Markets solid amid European recovery hopes

LONDON (AP) — Hopes over the European economy coupled with a bounce-back in Japan’s Nikkei stock index to shore up markets Tuesday, despite slightly worse-than-expected U.S. retail sales figures.

The Nikkei’s 2.6 percent advance buoyed stock markets across Asia and into the European session. European stocks received a further boost after figures showed industrial production in the eurozone rose by 0.7 percent in June from the month before, meaning output rose by 1.2 percent in the second quarter.

Coupled with a better-than-expected ZEW survey into German investor confidence in August, hopes are high that the eurozone will be confirmed to have emerged from recession when second-quarter figures are published on Wednesday. The eurozone has been in recession since the latter part of 2011 and the consensus in the markets is that the bloc’s economy grew by a quarterly rate of 0.2 percent in the April-June period.

Ben May, European economist at Capital Economics, said the figures “provide further signs that the eurozone has emerged from recession.”

That’s a relief for investors as it provides an indication that the worst of Europe’s debt crisis has passed.

In stock markets, Germany’s DAX was up 0.7 percent at 8,415 while the CAC-40 in France rose 0.3 percent to 4,084. The FTSE 100 index of leading British shares was 0.4 percent higher at 6,602.

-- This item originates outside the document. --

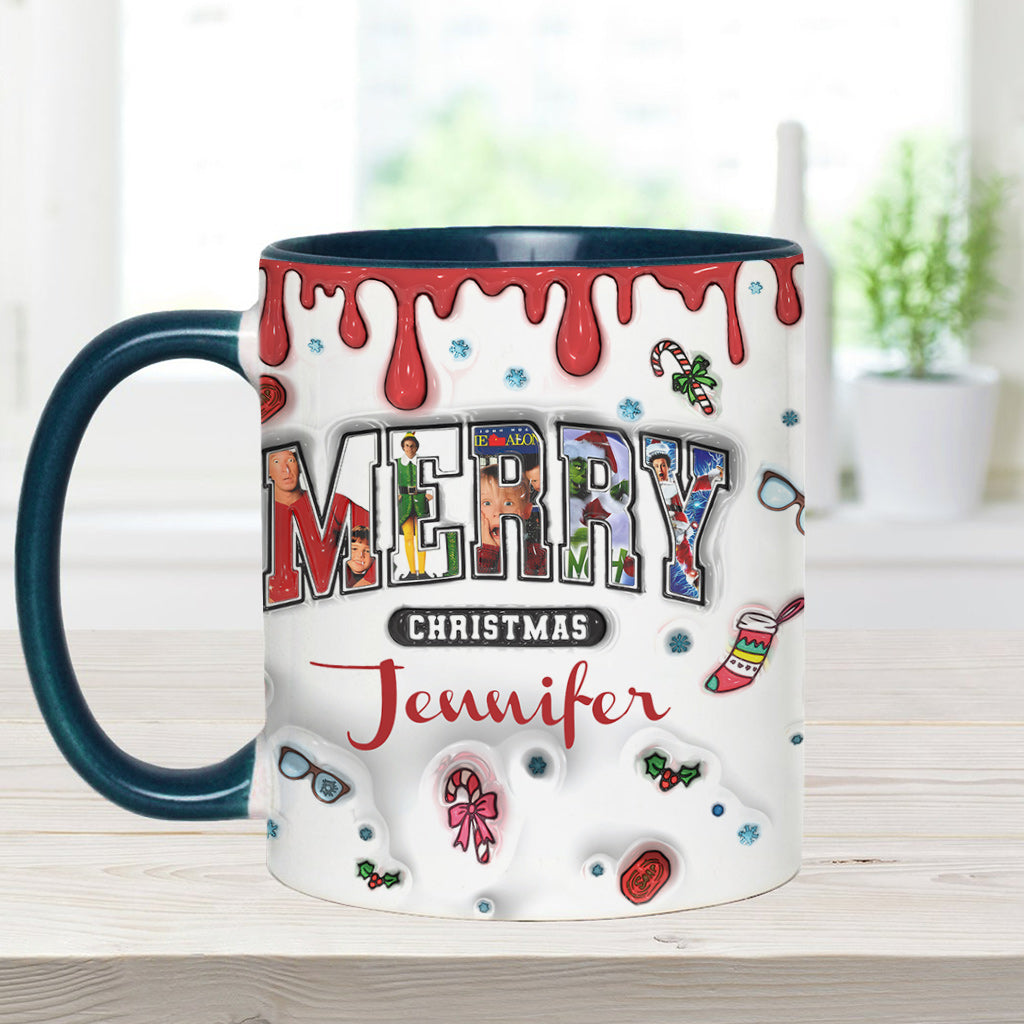 Christmas Movie - Personalized Accent Mug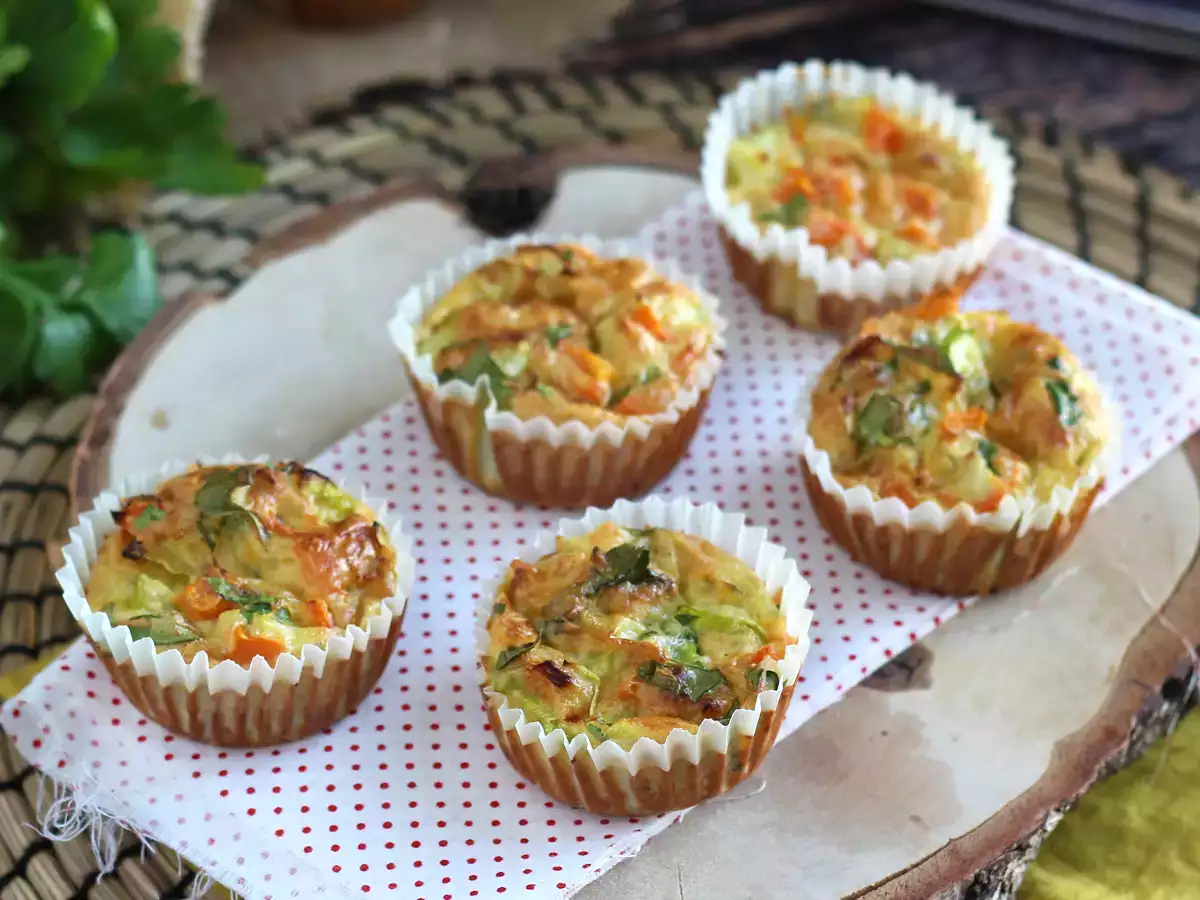 Receita Muffins de legumes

Wall Street was poised for a fairly solid opening, with Dow futures and the broader S&P 500 futures up 0.2 percent.

Expectations over the U.S. opening were dented slightly by the news that retail sales during July only rose by 0.2 percent from the previous month. That was just shy of expectations for a 0.4 percent rise.

Retail sales are particularly important as they account for around 70 percent of the U.S. economy. As such, the figures could have an impact on expectations of when the Fed will start to reduce its monetary stimulus. Most economists think that so-called tapering will start as soon as next month.

Despite the slightly softer report, most economists thought retail sales were solid enough to not alter the Fed’s plans much.

“If the economy gathers a bit more momentum as the Fed is projecting, it may begin paring back its bond purchases as soon as next month, effectively trimming the degree of stimulus it is providing to the economy,” said Jim Baird, chief investment officer for Plante Moran Financial Advisors.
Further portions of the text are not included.